What the exercise asks — Take the data below and extract the lines from the one with "Possibly, I would" to the one with "So type in your", inclusive, exactly as written.

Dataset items
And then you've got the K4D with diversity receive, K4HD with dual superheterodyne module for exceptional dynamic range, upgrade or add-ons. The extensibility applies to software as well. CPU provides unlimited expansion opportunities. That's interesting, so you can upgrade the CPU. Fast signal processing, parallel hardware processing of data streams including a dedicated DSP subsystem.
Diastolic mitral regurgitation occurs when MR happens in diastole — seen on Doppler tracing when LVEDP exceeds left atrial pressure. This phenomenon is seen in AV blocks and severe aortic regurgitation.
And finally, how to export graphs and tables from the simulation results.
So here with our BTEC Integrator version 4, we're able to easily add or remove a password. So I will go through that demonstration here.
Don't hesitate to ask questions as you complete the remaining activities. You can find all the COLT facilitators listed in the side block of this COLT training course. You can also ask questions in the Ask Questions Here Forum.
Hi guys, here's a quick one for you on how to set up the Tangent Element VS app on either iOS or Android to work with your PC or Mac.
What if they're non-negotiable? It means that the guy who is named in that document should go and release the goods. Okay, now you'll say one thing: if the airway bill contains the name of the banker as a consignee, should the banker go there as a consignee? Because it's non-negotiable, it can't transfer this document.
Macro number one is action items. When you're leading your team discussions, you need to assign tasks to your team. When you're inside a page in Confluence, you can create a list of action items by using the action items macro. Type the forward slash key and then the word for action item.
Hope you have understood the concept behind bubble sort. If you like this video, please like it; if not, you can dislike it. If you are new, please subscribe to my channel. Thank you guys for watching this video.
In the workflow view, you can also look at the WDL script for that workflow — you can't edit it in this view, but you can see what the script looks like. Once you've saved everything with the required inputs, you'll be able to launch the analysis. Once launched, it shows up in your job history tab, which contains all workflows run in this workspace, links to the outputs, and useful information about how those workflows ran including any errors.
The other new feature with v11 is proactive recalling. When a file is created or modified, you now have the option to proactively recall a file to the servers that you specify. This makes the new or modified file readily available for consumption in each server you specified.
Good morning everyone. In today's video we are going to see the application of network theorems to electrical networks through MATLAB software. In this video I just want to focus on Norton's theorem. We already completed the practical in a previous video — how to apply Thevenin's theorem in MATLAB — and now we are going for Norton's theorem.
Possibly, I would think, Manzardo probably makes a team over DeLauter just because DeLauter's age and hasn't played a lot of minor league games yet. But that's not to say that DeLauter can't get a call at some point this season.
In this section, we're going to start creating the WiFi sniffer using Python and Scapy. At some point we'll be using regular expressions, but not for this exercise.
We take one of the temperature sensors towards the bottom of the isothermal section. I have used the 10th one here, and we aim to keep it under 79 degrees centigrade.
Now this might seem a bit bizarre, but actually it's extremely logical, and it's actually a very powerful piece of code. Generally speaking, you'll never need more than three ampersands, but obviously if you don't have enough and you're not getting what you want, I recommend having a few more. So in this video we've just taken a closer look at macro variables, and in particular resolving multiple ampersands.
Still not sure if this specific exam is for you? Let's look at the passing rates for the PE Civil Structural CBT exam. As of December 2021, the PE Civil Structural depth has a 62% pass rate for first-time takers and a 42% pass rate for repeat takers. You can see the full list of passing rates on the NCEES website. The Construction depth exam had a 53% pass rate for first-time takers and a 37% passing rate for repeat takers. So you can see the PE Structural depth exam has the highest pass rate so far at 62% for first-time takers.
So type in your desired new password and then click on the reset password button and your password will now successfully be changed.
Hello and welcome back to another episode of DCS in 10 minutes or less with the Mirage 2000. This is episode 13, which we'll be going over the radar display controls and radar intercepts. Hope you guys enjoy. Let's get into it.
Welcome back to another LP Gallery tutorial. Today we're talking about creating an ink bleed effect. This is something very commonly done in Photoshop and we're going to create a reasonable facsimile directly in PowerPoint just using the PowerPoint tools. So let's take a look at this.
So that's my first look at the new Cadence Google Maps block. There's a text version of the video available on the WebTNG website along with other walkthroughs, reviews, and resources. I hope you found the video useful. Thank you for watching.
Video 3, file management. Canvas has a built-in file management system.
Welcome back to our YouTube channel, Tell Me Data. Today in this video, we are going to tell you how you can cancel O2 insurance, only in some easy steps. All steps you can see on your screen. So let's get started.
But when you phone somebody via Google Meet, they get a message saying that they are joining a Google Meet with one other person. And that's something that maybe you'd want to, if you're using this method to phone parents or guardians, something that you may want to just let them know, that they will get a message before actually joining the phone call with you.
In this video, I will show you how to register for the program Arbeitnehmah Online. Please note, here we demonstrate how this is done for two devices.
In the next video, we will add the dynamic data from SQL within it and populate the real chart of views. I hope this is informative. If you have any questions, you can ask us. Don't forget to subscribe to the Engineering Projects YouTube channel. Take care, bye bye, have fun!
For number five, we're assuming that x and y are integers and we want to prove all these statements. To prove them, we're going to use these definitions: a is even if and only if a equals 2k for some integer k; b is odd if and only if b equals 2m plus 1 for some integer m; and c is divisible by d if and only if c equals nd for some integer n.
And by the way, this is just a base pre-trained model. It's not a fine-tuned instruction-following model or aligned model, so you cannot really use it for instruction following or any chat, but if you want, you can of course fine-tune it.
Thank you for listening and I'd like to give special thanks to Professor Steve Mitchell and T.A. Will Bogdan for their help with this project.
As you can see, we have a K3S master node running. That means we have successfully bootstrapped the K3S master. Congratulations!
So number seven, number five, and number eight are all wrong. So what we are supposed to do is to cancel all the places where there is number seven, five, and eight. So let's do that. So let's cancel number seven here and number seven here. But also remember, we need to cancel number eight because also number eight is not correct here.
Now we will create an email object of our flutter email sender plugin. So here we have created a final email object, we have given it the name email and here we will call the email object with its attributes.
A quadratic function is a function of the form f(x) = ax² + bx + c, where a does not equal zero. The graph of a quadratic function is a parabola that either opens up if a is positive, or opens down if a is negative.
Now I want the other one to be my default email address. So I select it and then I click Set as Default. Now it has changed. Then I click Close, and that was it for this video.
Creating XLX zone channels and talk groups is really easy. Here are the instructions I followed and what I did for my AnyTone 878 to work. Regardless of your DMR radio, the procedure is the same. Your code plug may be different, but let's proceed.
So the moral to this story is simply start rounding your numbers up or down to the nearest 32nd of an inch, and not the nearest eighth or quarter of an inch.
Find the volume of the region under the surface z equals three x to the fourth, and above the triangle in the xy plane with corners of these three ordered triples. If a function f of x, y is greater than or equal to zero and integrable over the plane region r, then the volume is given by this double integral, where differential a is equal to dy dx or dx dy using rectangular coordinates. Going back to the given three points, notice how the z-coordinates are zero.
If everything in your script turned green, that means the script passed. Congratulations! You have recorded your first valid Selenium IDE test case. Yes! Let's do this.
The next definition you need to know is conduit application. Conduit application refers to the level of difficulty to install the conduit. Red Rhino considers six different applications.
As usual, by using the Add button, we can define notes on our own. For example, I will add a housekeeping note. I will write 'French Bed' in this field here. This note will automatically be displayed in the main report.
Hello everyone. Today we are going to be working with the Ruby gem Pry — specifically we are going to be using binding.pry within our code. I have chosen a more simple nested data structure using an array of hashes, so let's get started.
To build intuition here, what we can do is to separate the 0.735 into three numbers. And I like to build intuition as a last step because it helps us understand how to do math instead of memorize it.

Task answer —
Possibly, I would think, Manzardo probably makes a team over DeLauter just because DeLauter's age and hasn't played a lot of minor league games yet. But that's not to say that DeLauter can't get a call at some point this season.
In this section, we're going to start creating the WiFi sniffer using Python and Scapy. At some point we'll be using regular expressions, but not for this exercise.
We take one of the temperature sensors towards the bottom of the isothermal section. I have used the 10th one here, and we aim to keep it under 79 degrees centigrade.
Now this might seem a bit bizarre, but actually it's extremely logical, and it's actually a very powerful piece of code. Generally speaking, you'll never need more than three ampersands, but obviously if you don't have enough and you're not getting what you want, I recommend having a few more. So in this video we've just taken a closer look at macro variables, and in particular resolving multiple ampersands.
Still not sure if this specific exam is for you? Let's look at the passing rates for the PE Civil Structural CBT exam. As of December 2021, the PE Civil Structural depth has a 62% pass rate for first-time takers and a 42% pass rate for repeat takers. You can see the full list of passing rates on the NCEES website. The Construction depth exam had a 53% pass rate for first-time takers and a 37% passing rate for repeat takers. So you can see the PE Structural depth exam has the highest pass rate so far at 62% for first-time takers.
So type in your desired new password and then click on the reset password button and your password will now successfully be changed.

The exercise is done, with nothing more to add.